## Supplied material
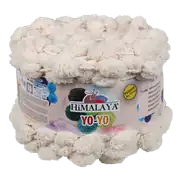 Himalaya Yo-Yo 82103 1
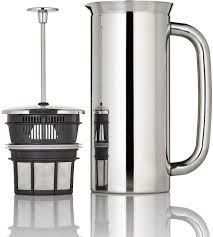 Check spelling or type a new query. The 7 Best French Press Coffee Makers In 2021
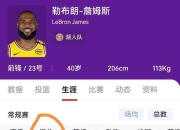 九游体育官网-球员连续得分刷新了个人最高纪录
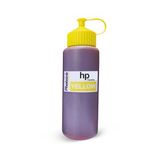 HP Plotter için uyumlu 500 ml Yellow Mürekkep (PHOTOINK Akıllı Mürekkep)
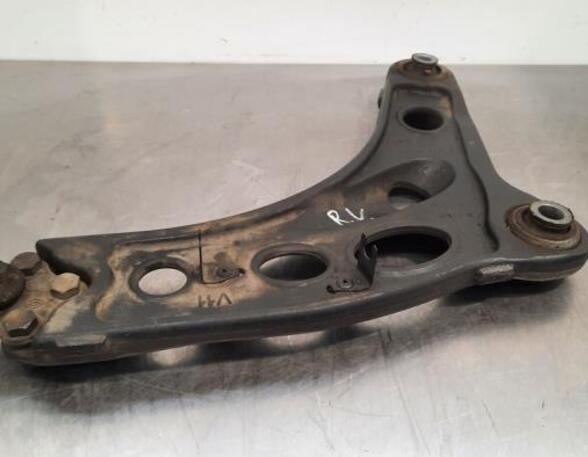 Track Control Arm RENAULT TRAFIC III Van (FG_)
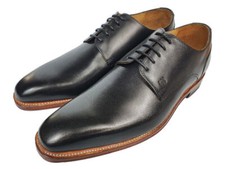 Gordon & Bros 4374 Derby Leder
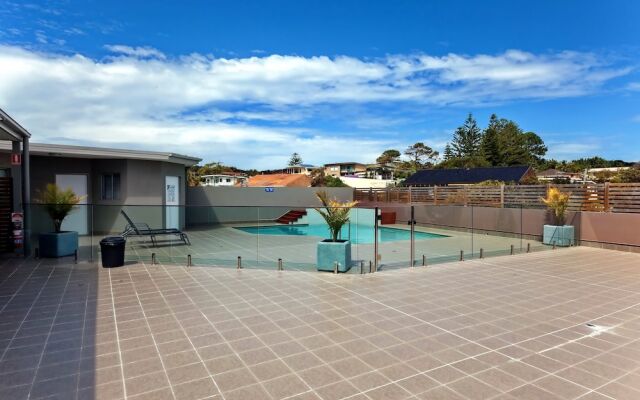 Market Street, Unit 5, 6-10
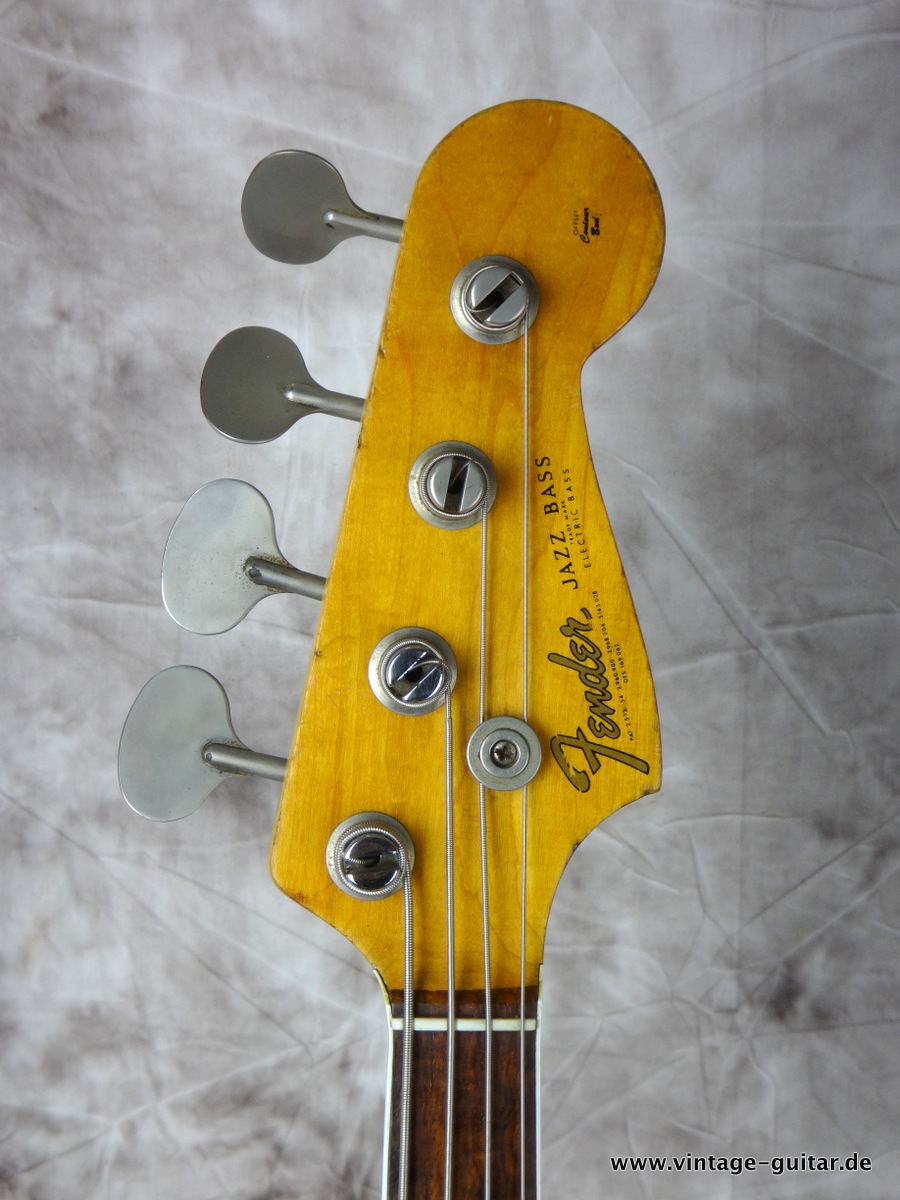 Jazz-Bass-Fender-1966_sunburst-003.JPG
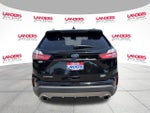 2020 Ford Edge SEL AWD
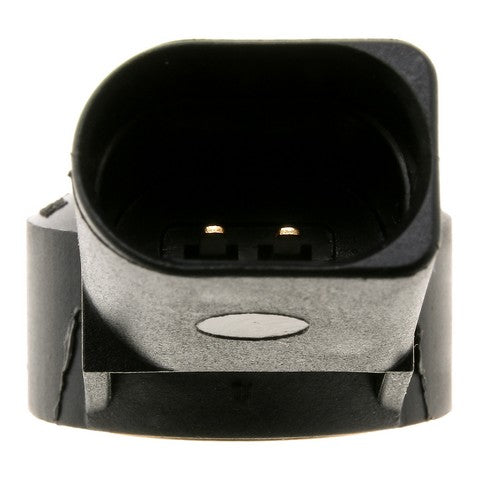 Ignition Knock (Detonation) Sensor WVE 5S16215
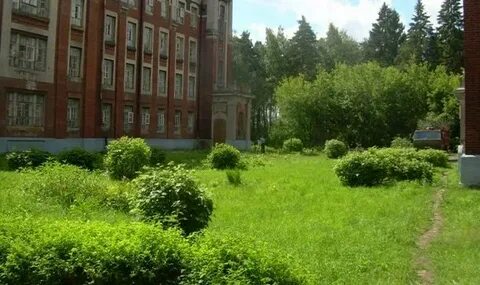 Улица текстилей 14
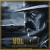 Volbeat - Cape of Our Hero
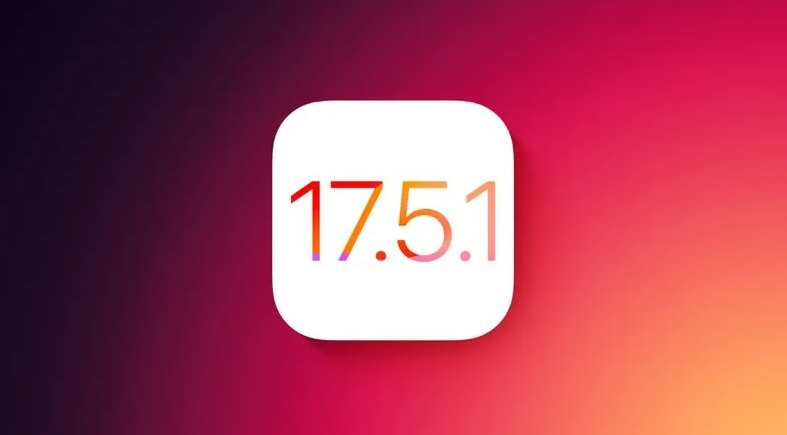 苹果 iOS 17 照片应用支持识别宠物：能够正确地分辨出两只橘猫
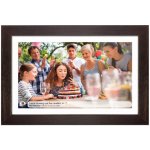 Denver Frameo PFF-1543DW – Zboží Živě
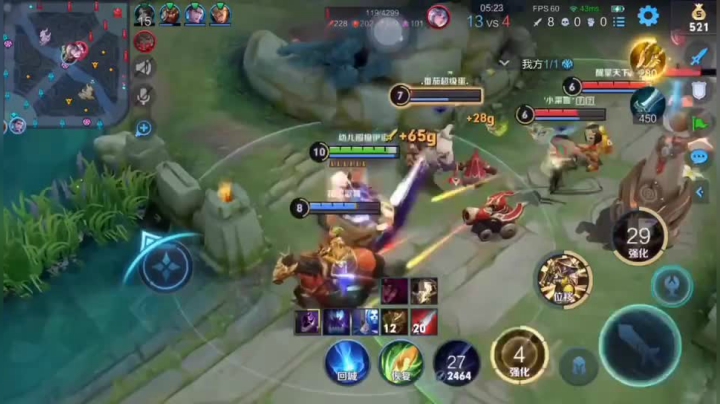 49300aabdee2b33849f4554ae1cb56d6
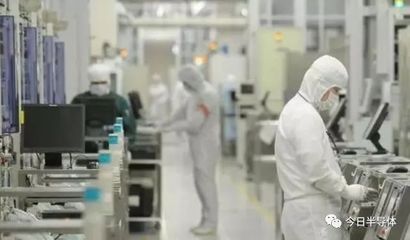 浙江省高端化學(xué)品技術(shù)創(chuàng)新中心落戶衢州 軟件開發(fā)賦能產(chǎn)業(yè)升級(jí)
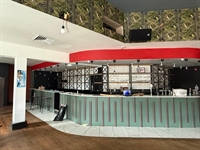 prime bar restaurant sunderland - 3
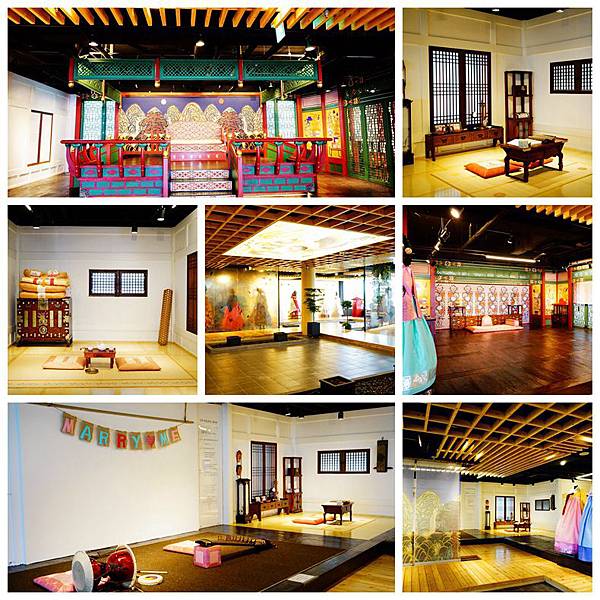 NeoImage_副本.jpg NeoImage_副本.jpg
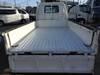 NISSAN VANETTE TRUCK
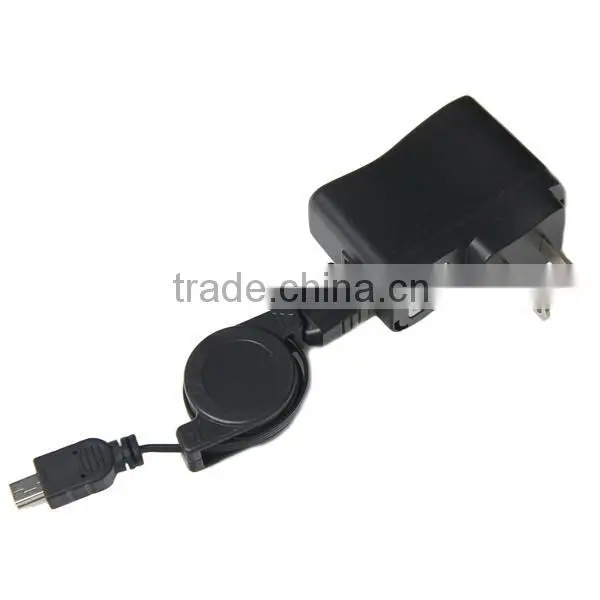 Wireless Translation System Radio Guide System Tour Guide System photo-5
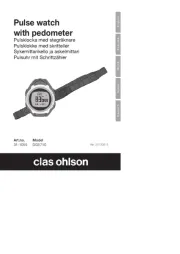 Clas Ohlson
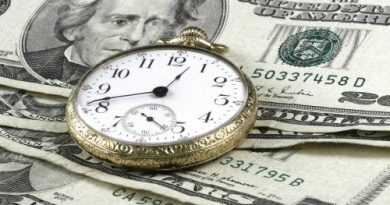 How To Get Out Of Debt And Stay That Way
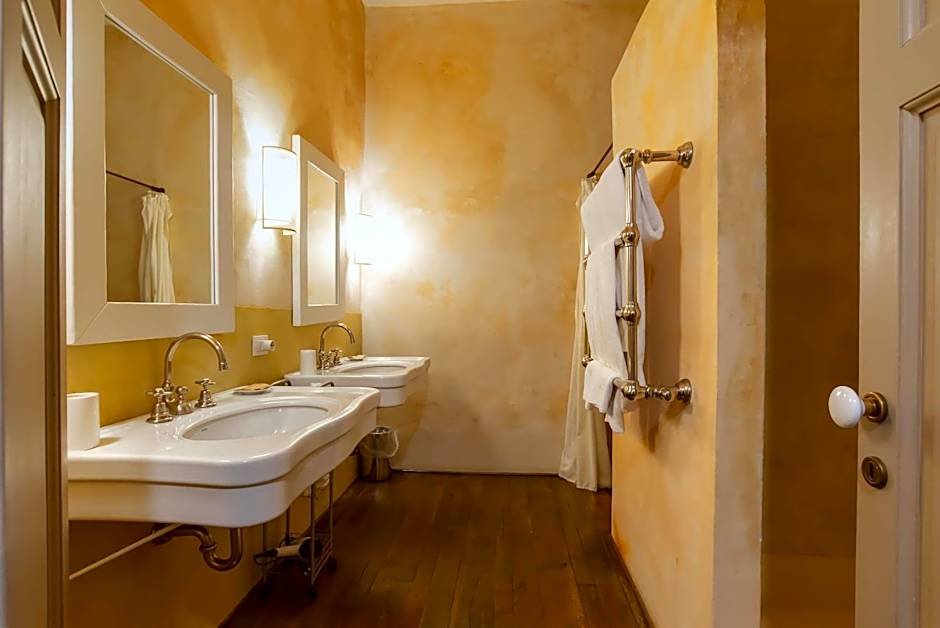 Villa Cassia di Baccano
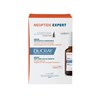 Ducray Neoptide expert 2x50ml
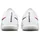 Nike Tiempo Maestro Club IC Herren white/black-racer blue-pink blast 43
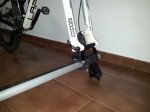 20131127_115253.jpg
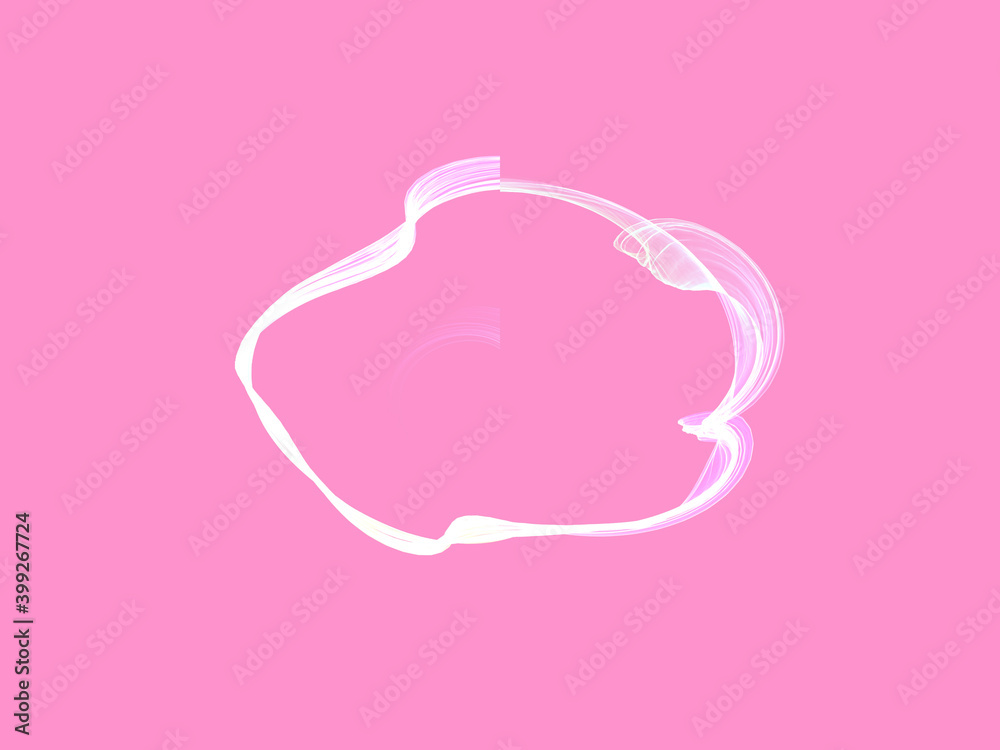 illustration of a background with a heart illustration of a background with a heart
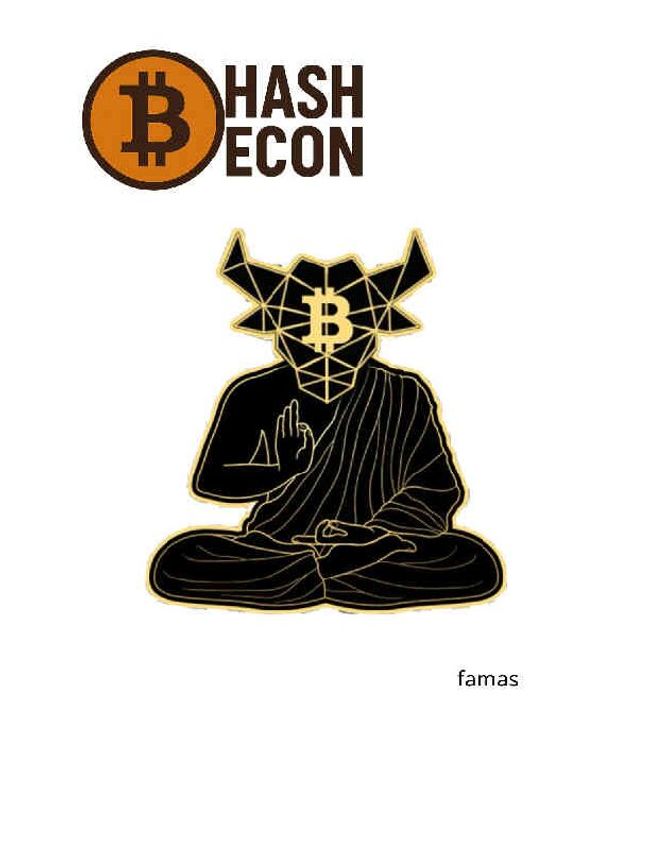 PDF document image preview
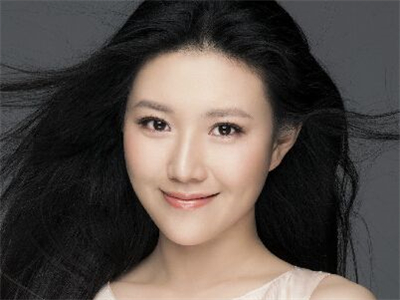 侯梦瑶是哪个公司的 85后侯梦瑶是怎么出道的
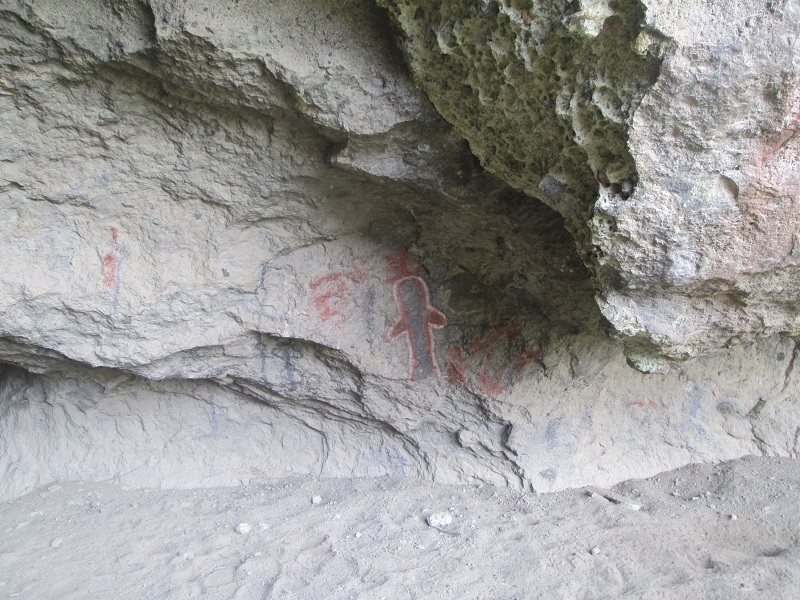1054f.JPG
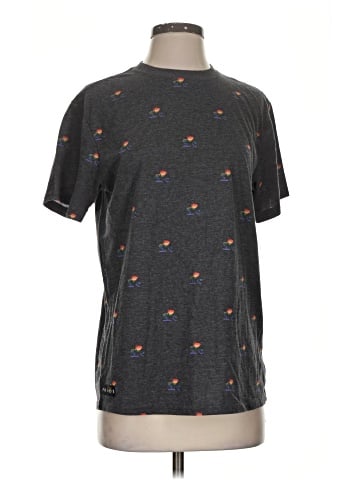 Disney Short Sleeve T-Shirt (view 1)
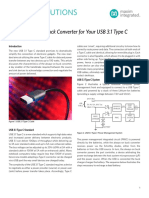 DS14-Choose-the-Right-Buck-Converter-for-Your-USB-3.1-Type-C-Powered-Devices.pdf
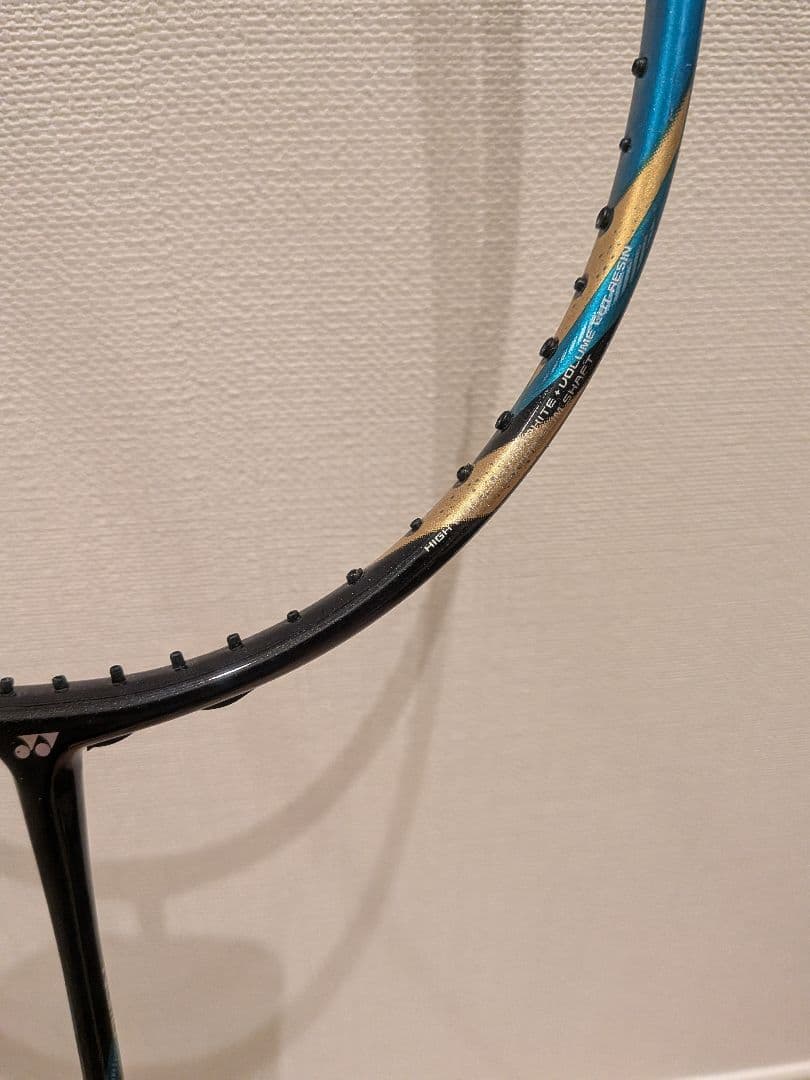 ASTROX88S PRO アストロクス88S PRO 4U G5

## Goal of the exercise
All that is needed here is the run of lines from the one containing "Disney Short Sleeve T-Shirt (view 1)" through the end of the material above, reproduced exactly and without pictures.

## Exercise response
 Disney Short Sleeve T-Shirt (view 1)
 DS14-Choose-the-Right-Buck-Converter-for-Your-USB-3.1-Type-C-Powered-Devices.pdf
 ASTROX88S PRO アストロクス88S PRO 4U G5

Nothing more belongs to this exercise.